Response: When a stock significantly outperforms, update your scenarios. The bull case may become your new base case. Then reassess whether the stock is overvalued relative to the updated scenarios.
Mistake 4: Using Portfolio Allocation Decisions as Trading Decisions
"My portfolio is now 8% in this stock, and I want each position to be 5%. So I'll trim." This confuses portfolio construction with investment decision-making. Trim because the stock is overvalued or thesis has changed, not because it drifted above your target allocation. Let winners run unless they become overvalued.
Mistake 5: Not Revisiting Decision Rules After Market Moves
You set a sell threshold of $50 when fair value was $42. The stock rises to $48 and you consider selling. But if your thesis hasn't changed and fair value hasn't changed, you shouldn't sell just because the stock is closer to your threshold. Decision rules should be based on fair value changes, not price changes alone.
FAQ
What margin of safety is appropriate for me?
Most investors should target 15-25%. Aggressive, experienced investors might use 10-15%. Conservative, risk-averse investors might use 30-40%. The wider your scenario range and the less confident you are in your valuation, the higher the margin.
Should I use the weighted fair value or the bear case as my valuation for buy/sell decisions?
Use the weighted fair value for most decisions. The bear case is useful for understanding downside risk (how much can you lose if worst case hits), but buying based on bear case valuation is too conservative and means you never buy. Buy when price is below weighted fair value with adequate margin.
What if I buy at good margin but the business deteriorates?
Recalculate fair value. If it's fallen materially, sell based on the new valuation, even if you have the original margin of safety. An intact margin of safety doesn't matter if fair value has dropped.
How often should I review my decision rules?
Quarterly at minimum, after earnings. More often if material news arrives. Your scenarios and fair values should evolve as new information arrives, and so should your buy/hold/sell thresholds.
Should I use technical analysis to time entry and exit, or just fundamental valuations?
Use fundamental valuation to identify fair value and your buy/sell thresholds. Use technical analysis (trend, support/resistance) to optimize timing within those thresholds. Example: Fair value is $35, so you want to buy between $28-32. Use technicals to pick $28 over $29.
What if two positions both hit sell thresholds but I can't sell both?
Prioritize. Sell the position with the worst risk/reward (highest overvaluation relative to downside) first. If both are equal, sell the one with the largest position size (reduce concentration risk first).
Related concepts
- Building Bull, Base, and Bear Cases
- Tail Risks and Black Swans
- Exit Scenarios and Targets
- Relative Attractiveness Across Scenarios
- Position Sizing and Portfolio Construction
Summary
Valuation is only useful if it informs action. Set buy/hold/sell decision rules in advance based on your scenario analysis. Buy when price offers 15-25% margin of safety below fair value. Hold when stock is between buy and sell thresholds. Sell when stock is 15%+ above fair value or when thesis changes.

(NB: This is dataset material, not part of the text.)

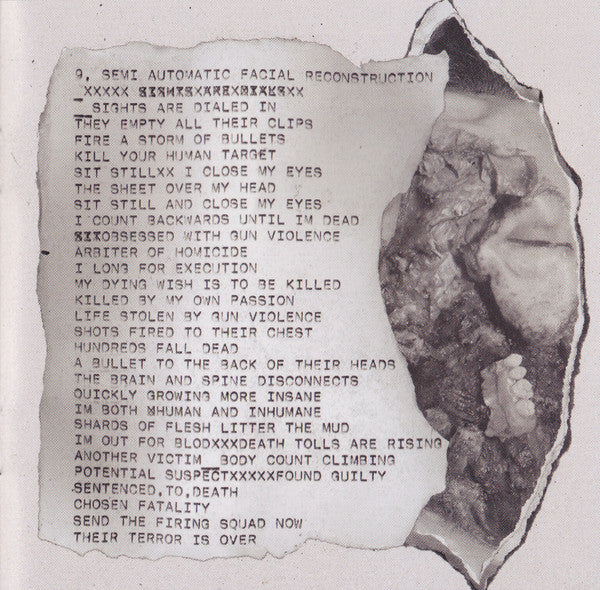 Hideous Aftermath - Sanguisugabogg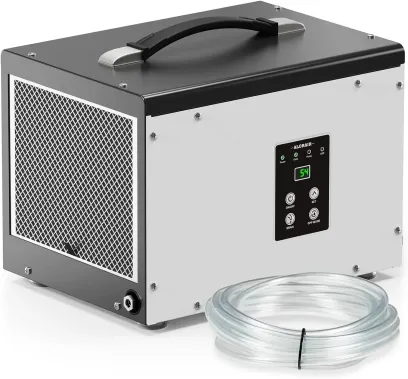 ALORAIR Crawl Space/Basement Dehumidifier 70 Pint Dehumidifier with Drain Hose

Use your scenario range to inform position sizing: narrow ranges (high confidence) warrant larger positions; wide ranges (high uncertainty) warrant smaller positions. This inverts typical investor behavior and leads to better risk-adjusted returns.
The hardest part of scenario-based decision-making is discipline—sticking to your rules when emotion tempts you otherwise. Written decision matrices help. Re-check them quarterly. Let winners run when thesis is intact, but sell when overvaluation exceeds your threshold or thesis deteriorates.